Let $G$ be a finite soluble group. We denote by $\mathfrak{N}$ the class of the finite nilpotent groups. The nilpotent radical, $G_\mathfrak{N}$, is the maximal subnormal nilpotent subgroup of $G$. I want to prove that $C_G(G_\mathfrak{N})\leq G_{\mathfrak{N}}$. How can I prove this?

Answer 1

Let $C=C_G(G_\mathfrak{R})$ and $K=C_G(G_\mathfrak{R})\cap G_\mathfrak{R}$. Then $[C,K]=1$ so $K\leqslant Z(C)$. In particular, $K\unlhd C$.

Since $G$ is solvable, so is the quotient $\overline{C}:=C/K$. Let $r=d_\ell(\overline{C})$ and $H$ be the complete inverse image of $\overline{C}^{(r-1)}$ in $G$. Then $H'\leqslant K$, but since $K$ centralizes $C$, $K$ also centralizes $H$, so $[H,H,H]=1$. Thus $H$ is nilpotent.

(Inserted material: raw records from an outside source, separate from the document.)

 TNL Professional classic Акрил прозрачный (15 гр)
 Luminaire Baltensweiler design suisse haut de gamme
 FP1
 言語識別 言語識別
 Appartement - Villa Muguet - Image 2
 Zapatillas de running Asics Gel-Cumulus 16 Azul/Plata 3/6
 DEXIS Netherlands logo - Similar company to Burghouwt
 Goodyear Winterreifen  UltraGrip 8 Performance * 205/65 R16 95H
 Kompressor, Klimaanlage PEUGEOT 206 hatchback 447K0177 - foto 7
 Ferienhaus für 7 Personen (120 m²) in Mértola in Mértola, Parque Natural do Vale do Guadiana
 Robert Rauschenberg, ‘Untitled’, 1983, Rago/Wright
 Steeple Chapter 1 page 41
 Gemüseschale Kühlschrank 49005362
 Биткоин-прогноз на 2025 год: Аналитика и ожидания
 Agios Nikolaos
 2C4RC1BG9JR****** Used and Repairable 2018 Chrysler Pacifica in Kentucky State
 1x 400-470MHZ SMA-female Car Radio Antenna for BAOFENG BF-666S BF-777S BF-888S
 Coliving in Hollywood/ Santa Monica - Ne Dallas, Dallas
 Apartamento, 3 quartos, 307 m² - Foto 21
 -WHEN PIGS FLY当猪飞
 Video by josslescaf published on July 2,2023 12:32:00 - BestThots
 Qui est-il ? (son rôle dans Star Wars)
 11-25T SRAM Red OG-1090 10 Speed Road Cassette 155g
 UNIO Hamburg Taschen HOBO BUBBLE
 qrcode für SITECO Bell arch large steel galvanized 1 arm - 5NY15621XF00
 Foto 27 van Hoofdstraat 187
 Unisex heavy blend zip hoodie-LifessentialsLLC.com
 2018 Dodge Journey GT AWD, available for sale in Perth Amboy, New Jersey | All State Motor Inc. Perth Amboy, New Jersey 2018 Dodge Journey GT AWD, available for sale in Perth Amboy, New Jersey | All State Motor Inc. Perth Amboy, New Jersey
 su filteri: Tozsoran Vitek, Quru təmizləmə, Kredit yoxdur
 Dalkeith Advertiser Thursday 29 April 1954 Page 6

Now note that since $G_\mathfrak{R}$ is characteristic, so is $C$, and thus so is $K$. $\overline{H}$ is characteristic in $\overline{C}$, so $H$ is characteristic in $C$. Thus $H$ is characteristic in $G$. In particular, $H$ is a nilpotent normal subgroup, but $H\leqslant C$ and $H\not\leqslant K$, so $H\not \leqslant G_\mathfrak{R}$, which contradicts that $G_\mathfrak{R}$ is maximal.